I paused for a minute, trying to think hard.

"I want to read those letters!" I finally blurted out.

"Letters?" Alizeh asked with astonishment.

"Yes! Hooriyah's letter!"
I completed my sentence.

She looked at me with sympathy and then smiled and took the keys from me and unlocked the door.

A fume of dust entered our nostrils as we coughed at the same time.

Different types of boxes, cartons and old paintings were scattered everywhere in this large spooky room. Alizeh helped me in searching the boxes which contained lots of things from our childhood.

We struggled for the next fifteen minutes, searching here and there until a small red colored carton caught my eye. I walked towards the box and wiped away a thick blanket of dust from its surface, which had been accumulated since years, and started to open it slowly.

As soon as I opened it, a bunch of envelopes fell down from the box and rested peacefully near my feet. I knelt down and picked up one of the envelopes which was entitles as,

'Dear Veer!'

And that was enough to skip my heartbeat and raise goosebumps all over my body!

I paused for a minute as I examined the envelope with my eyes in which tears had already started to dwell. I caressed the envelope with my trembling hands as one of my tears fell down on it's dusty texture, thus wetting the envelope. Without giving a second thought, I finally decided to open the letter which was resting inside it since a decade.

An old crumbled paper was beautifully scribbled with the loveliest calligraphic handwriting I had ever seen! I rubbed my eyes to clear my vision and slowly started to read the letters sent by someone who had become the most important fragment of my soul.

I continued reading all the letters one by one, while my heart started ripping off due to the guilt and pain of neglecting the one who was so close to my heart since childhood. Some of the letters included beautiful prayers for me, made by her. Some included the painful words which represented that how much she was missing me and how much she was feeling alone without me. She had written each and every detail about her life so that I could easily read her like an open book. She had shared every single thing about her studies, her new friends, the destructive earthquake in Pakistan, her gold medals and her achievements, her pain, her happiness, her sorrows, her father's first ever cardiac arrest, her graduation from an engineering college, her dream to travel the world, her immense love for mountains and her immense affection towards me!

That poor soul had written her heart out in every single piece of paper!

And so ruthless was I, that I failed to show any sort of admiration, any sort of interest and any sort of acceptance towards these heart wrenching efforts done by her to please me in any way possible!

I kept on weeping silently, until my eyes fell upon the last letter sent by her, seven years ago!

A letter in which she had indirectly confessed her feelings to me.

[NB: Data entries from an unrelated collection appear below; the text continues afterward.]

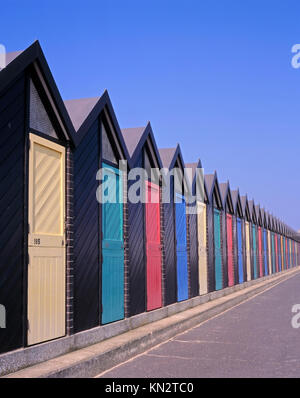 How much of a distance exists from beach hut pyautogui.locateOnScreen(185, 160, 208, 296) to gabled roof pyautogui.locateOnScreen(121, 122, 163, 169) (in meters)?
4.19

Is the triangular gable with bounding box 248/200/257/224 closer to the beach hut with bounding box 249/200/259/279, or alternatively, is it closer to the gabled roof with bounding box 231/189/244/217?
the beach hut with bounding box 249/200/259/279

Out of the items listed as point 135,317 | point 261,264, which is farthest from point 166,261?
point 261,264

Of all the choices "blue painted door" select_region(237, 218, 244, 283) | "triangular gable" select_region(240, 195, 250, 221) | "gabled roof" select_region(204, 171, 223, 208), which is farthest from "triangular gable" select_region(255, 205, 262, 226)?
"gabled roof" select_region(204, 171, 223, 208)

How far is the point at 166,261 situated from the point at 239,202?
1241 cm

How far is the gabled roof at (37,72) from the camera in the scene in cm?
623

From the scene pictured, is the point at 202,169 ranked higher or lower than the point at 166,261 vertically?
higher

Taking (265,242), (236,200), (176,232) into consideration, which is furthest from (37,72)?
(265,242)

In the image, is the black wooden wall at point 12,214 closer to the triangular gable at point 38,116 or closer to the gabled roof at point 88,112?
the triangular gable at point 38,116

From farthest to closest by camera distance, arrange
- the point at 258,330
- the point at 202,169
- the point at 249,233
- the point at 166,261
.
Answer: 1. the point at 249,233
2. the point at 202,169
3. the point at 166,261
4. the point at 258,330

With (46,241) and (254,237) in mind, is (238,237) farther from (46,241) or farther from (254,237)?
(46,241)

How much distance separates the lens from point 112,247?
942cm

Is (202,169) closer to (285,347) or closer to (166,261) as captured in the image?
(166,261)

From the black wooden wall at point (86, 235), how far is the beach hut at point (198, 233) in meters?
6.92

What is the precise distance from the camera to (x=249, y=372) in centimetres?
677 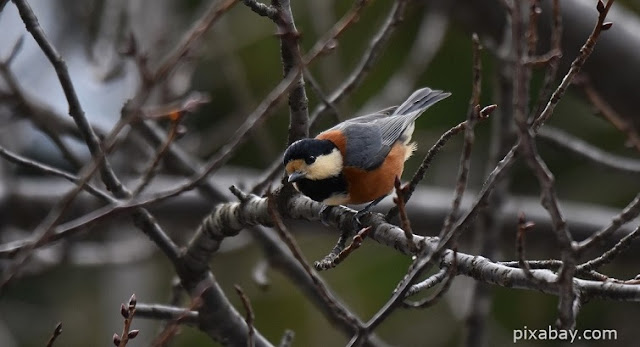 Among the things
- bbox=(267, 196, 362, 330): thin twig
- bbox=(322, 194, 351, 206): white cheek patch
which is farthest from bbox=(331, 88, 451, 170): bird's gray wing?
bbox=(267, 196, 362, 330): thin twig

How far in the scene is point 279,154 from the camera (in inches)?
216

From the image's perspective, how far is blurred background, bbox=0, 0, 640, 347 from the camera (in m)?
4.34

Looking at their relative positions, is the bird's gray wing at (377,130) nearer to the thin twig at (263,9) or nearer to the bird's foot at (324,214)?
the bird's foot at (324,214)

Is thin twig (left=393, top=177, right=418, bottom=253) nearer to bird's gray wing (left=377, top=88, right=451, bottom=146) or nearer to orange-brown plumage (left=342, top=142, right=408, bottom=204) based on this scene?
orange-brown plumage (left=342, top=142, right=408, bottom=204)

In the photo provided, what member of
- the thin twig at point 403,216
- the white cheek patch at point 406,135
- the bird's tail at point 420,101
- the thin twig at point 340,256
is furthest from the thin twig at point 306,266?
the bird's tail at point 420,101

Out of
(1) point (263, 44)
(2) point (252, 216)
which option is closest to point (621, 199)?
(1) point (263, 44)

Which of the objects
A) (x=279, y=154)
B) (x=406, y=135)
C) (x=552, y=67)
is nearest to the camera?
(x=552, y=67)

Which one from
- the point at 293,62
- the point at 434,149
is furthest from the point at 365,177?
the point at 434,149

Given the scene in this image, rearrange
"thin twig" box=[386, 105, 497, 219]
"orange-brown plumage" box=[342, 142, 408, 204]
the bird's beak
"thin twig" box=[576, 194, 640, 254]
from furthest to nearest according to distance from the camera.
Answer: "orange-brown plumage" box=[342, 142, 408, 204], the bird's beak, "thin twig" box=[386, 105, 497, 219], "thin twig" box=[576, 194, 640, 254]

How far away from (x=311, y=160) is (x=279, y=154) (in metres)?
2.82

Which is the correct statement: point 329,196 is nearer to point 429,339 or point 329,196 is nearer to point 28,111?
point 28,111

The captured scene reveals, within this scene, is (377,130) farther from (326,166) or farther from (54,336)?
(54,336)

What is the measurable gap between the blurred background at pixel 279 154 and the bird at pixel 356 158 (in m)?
1.02

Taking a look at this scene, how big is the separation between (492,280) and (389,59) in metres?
4.77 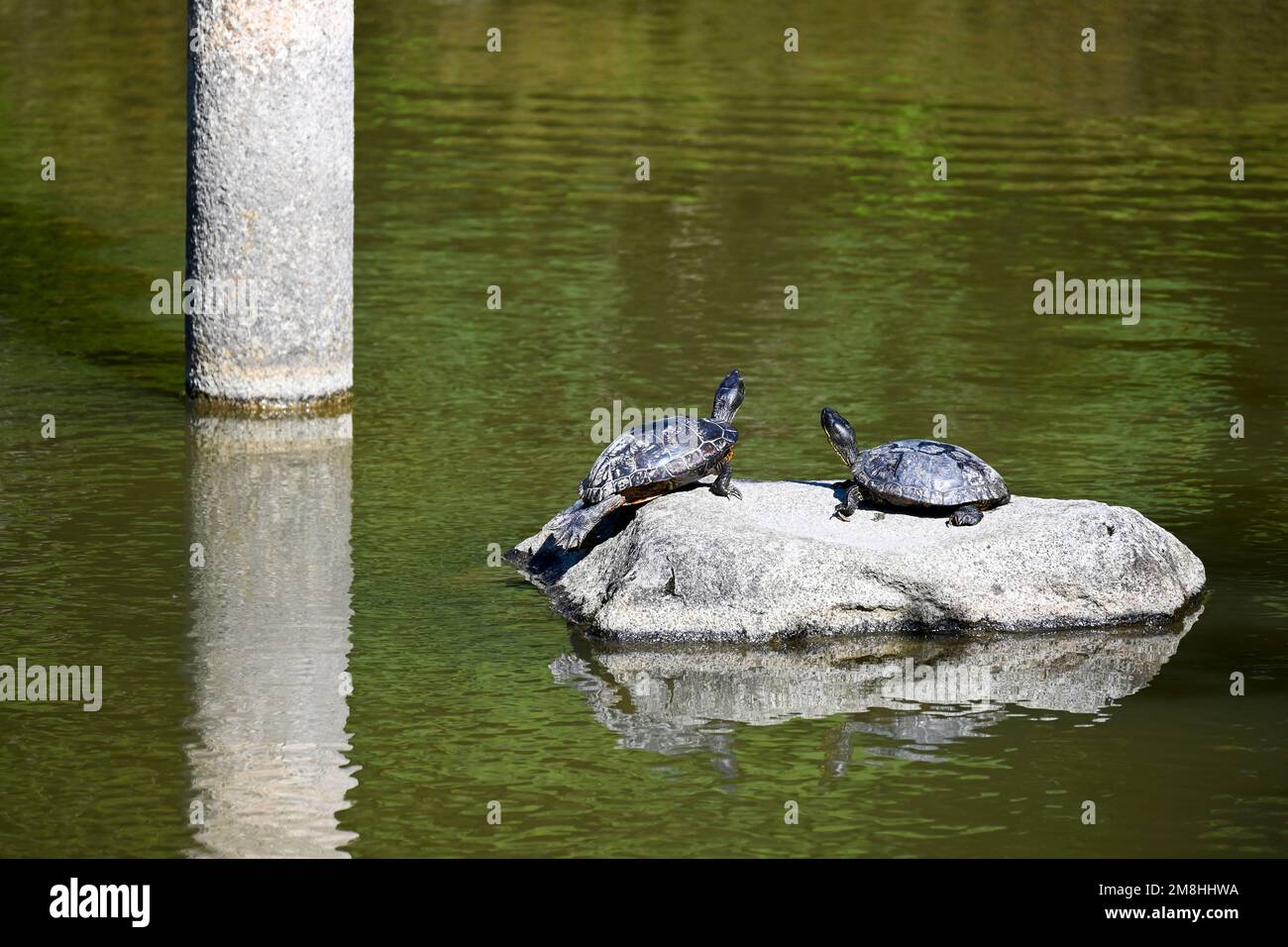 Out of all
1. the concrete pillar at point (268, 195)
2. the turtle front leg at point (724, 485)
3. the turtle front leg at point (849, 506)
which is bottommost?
the turtle front leg at point (849, 506)

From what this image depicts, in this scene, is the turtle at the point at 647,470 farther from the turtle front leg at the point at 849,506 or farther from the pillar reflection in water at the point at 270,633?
the pillar reflection in water at the point at 270,633

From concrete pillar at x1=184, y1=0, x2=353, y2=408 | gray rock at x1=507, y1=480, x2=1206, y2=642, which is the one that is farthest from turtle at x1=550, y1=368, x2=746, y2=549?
concrete pillar at x1=184, y1=0, x2=353, y2=408

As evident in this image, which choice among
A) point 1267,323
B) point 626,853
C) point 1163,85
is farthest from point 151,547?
point 1163,85

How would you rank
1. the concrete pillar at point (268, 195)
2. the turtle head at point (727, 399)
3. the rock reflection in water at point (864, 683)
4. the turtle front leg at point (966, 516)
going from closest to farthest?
1. the rock reflection in water at point (864, 683)
2. the turtle front leg at point (966, 516)
3. the turtle head at point (727, 399)
4. the concrete pillar at point (268, 195)

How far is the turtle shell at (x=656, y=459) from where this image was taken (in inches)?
383

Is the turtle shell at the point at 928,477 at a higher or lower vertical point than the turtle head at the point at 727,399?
lower

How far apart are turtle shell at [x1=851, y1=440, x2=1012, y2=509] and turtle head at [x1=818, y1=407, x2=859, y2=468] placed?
0.79ft

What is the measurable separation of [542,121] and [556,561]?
46.9 feet

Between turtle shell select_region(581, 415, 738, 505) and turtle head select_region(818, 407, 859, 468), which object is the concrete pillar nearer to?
turtle shell select_region(581, 415, 738, 505)

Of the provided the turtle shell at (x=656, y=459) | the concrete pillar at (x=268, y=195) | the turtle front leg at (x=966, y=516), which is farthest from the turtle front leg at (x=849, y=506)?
the concrete pillar at (x=268, y=195)

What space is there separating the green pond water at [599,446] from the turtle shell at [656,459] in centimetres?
63

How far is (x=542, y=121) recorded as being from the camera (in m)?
23.7

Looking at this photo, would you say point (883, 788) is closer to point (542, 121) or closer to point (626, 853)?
point (626, 853)

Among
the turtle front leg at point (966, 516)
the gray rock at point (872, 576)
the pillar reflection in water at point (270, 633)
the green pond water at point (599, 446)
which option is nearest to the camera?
the pillar reflection in water at point (270, 633) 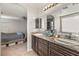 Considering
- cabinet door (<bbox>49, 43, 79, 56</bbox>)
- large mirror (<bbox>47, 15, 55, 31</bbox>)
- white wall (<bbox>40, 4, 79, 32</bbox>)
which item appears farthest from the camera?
large mirror (<bbox>47, 15, 55, 31</bbox>)

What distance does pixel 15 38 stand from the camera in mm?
1682

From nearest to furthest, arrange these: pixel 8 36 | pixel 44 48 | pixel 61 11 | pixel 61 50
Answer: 1. pixel 61 50
2. pixel 8 36
3. pixel 61 11
4. pixel 44 48

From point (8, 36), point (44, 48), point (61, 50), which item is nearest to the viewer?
point (61, 50)

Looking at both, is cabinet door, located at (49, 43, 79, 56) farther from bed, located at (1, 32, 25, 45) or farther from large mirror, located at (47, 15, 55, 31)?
bed, located at (1, 32, 25, 45)

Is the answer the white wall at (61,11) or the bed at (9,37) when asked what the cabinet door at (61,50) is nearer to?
the white wall at (61,11)

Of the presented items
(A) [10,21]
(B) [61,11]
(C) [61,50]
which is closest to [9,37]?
(A) [10,21]

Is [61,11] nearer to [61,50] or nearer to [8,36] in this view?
[61,50]

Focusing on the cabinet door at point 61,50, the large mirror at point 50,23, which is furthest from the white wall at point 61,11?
the cabinet door at point 61,50

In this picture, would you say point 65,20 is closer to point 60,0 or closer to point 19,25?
point 60,0

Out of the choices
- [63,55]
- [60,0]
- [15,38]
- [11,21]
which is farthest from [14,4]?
[63,55]

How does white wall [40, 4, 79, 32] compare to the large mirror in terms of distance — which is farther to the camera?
the large mirror

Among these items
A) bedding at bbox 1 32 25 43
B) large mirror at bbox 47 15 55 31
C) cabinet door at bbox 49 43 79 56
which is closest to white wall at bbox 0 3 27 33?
bedding at bbox 1 32 25 43

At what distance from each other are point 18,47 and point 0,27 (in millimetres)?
518

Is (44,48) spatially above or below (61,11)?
below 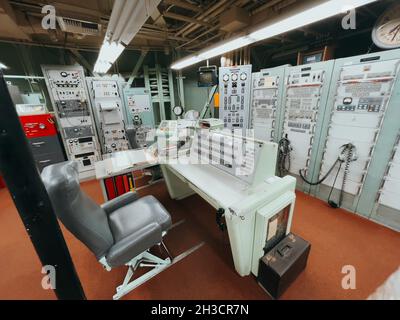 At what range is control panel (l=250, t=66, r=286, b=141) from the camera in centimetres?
292

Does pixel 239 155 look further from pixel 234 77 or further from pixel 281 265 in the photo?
pixel 234 77

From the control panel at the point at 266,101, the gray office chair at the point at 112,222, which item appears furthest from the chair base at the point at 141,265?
the control panel at the point at 266,101

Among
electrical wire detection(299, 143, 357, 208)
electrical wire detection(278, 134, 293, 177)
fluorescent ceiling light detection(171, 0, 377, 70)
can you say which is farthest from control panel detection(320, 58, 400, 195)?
fluorescent ceiling light detection(171, 0, 377, 70)

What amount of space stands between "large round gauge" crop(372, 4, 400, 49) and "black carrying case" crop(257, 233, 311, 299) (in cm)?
254

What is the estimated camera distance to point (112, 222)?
1611 millimetres

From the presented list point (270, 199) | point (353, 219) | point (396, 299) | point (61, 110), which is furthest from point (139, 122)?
point (396, 299)

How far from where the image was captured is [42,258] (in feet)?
2.77

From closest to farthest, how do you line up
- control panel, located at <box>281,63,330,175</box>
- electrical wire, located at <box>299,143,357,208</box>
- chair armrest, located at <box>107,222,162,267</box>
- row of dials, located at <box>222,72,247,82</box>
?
chair armrest, located at <box>107,222,162,267</box>
electrical wire, located at <box>299,143,357,208</box>
control panel, located at <box>281,63,330,175</box>
row of dials, located at <box>222,72,247,82</box>

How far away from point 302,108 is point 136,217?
276 cm

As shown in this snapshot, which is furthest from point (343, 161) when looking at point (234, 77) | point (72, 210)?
point (72, 210)

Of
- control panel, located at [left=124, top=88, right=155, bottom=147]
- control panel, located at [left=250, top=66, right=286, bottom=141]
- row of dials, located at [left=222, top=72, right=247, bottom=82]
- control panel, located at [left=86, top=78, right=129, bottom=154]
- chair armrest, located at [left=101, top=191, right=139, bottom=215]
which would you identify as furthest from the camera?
control panel, located at [left=124, top=88, right=155, bottom=147]

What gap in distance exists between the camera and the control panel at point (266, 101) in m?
2.92

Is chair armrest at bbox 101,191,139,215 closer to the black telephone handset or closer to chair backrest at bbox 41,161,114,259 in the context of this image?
chair backrest at bbox 41,161,114,259

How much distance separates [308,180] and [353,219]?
2.47 feet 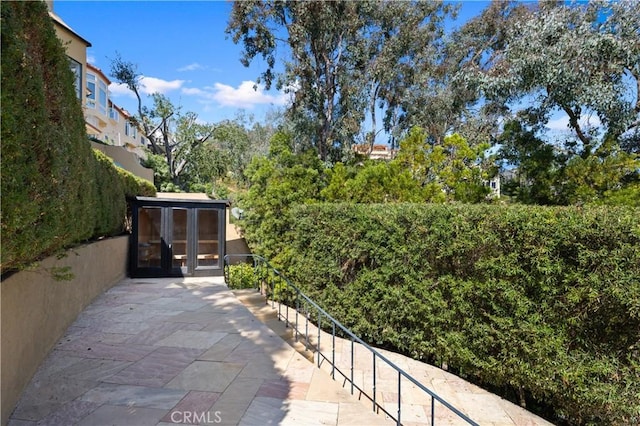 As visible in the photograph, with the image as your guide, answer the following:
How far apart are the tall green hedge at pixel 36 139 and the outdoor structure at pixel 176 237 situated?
655 cm

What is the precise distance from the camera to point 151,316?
5465 mm

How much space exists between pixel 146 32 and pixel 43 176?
320 inches

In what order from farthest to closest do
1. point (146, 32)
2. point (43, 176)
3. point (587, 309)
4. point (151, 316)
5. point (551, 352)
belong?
point (146, 32)
point (151, 316)
point (551, 352)
point (587, 309)
point (43, 176)

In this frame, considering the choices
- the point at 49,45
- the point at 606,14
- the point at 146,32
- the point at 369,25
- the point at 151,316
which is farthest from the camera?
the point at 369,25

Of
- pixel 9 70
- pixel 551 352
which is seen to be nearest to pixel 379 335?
pixel 551 352

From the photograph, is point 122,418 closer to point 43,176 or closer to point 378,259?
point 43,176

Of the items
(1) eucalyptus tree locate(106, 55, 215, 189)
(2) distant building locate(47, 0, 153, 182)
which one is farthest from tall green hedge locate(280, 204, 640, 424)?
(1) eucalyptus tree locate(106, 55, 215, 189)

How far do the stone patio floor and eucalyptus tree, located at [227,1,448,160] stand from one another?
9.14 m

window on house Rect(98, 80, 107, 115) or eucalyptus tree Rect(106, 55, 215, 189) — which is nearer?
window on house Rect(98, 80, 107, 115)

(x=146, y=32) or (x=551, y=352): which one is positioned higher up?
(x=146, y=32)

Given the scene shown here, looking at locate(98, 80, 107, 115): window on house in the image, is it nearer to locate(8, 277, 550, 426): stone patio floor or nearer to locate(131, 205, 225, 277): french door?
locate(131, 205, 225, 277): french door

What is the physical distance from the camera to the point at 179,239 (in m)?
9.77

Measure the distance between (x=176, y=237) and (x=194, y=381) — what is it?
7.08 metres

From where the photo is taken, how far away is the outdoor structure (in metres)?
9.49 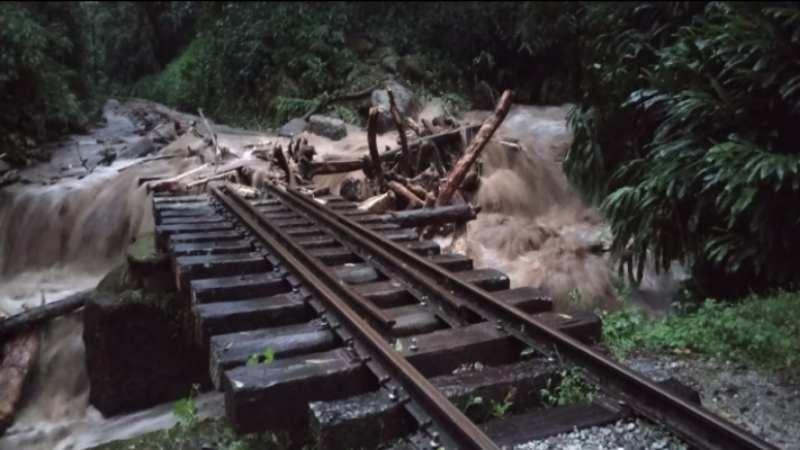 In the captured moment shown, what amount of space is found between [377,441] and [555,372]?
1.01 m

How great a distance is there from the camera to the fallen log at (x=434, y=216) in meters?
7.70

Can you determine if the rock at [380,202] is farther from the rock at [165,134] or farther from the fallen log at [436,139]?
the rock at [165,134]

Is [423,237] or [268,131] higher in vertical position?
[268,131]

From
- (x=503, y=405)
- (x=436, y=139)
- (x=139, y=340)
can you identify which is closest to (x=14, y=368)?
(x=139, y=340)

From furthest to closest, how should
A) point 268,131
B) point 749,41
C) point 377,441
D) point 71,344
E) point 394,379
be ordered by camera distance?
point 268,131 → point 71,344 → point 749,41 → point 394,379 → point 377,441

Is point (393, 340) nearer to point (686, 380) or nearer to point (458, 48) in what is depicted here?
point (686, 380)

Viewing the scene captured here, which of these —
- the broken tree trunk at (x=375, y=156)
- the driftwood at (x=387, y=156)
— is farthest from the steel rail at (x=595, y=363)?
the driftwood at (x=387, y=156)

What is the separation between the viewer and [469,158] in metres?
9.34

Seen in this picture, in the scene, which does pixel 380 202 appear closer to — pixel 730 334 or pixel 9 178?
pixel 730 334

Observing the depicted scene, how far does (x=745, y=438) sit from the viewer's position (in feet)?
7.77

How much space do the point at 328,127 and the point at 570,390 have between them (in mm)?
11599

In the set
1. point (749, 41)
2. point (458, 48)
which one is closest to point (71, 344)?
point (749, 41)

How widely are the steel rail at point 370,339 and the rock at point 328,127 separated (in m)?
7.71

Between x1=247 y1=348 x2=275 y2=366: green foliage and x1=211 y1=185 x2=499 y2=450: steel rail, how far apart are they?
48 centimetres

And then, she stopped writing letters after realizing that I wasn't reading any of them!

x-x-x-x-x

June 16th 2008,

Dear Veer,

"May Almighty Allah always bless you with happiness and protect you from every calamity. Ameen!"

I hope you are doing well and find this letter in a perfect condition! Your Hooriyah was missing you so much as it has been three months since you haven't replied to my previous letters yet! I was wondering if you were mad on me? Have I done something wrong? I am sorry If I had annoyed you in anyway! But please don't ignore me like this!